• **What the task asks**: Using the line that contains "Um jardim em" as the start, restate each line word for word through the final line of the material below, and return only those.

***** Exercise material

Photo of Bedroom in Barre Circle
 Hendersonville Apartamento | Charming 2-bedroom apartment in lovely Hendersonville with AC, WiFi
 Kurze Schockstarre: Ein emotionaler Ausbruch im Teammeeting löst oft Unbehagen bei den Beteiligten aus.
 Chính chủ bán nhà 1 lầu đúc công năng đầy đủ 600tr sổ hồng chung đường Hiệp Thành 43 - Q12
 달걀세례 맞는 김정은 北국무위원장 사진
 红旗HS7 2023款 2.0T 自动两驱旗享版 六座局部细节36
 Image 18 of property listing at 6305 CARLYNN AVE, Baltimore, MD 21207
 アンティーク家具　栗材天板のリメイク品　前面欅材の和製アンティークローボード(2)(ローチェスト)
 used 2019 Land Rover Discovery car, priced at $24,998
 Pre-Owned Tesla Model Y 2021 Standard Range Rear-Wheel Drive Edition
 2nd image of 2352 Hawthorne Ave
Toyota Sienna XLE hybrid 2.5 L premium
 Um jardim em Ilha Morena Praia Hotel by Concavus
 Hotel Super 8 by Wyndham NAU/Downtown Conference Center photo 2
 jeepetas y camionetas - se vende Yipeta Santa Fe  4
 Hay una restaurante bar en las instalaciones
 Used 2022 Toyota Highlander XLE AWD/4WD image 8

**********

• **Answer box**:
 Um jardim em Ilha Morena Praia Hotel by Concavus
 Hotel Super 8 by Wyndham NAU/Downtown Conference Center photo 2
 jeepetas y camionetas - se vende Yipeta Santa Fe  4
 Hay una restaurante bar en las instalaciones
 Used 2022 Toyota Highlander XLE AWD/4WD image 8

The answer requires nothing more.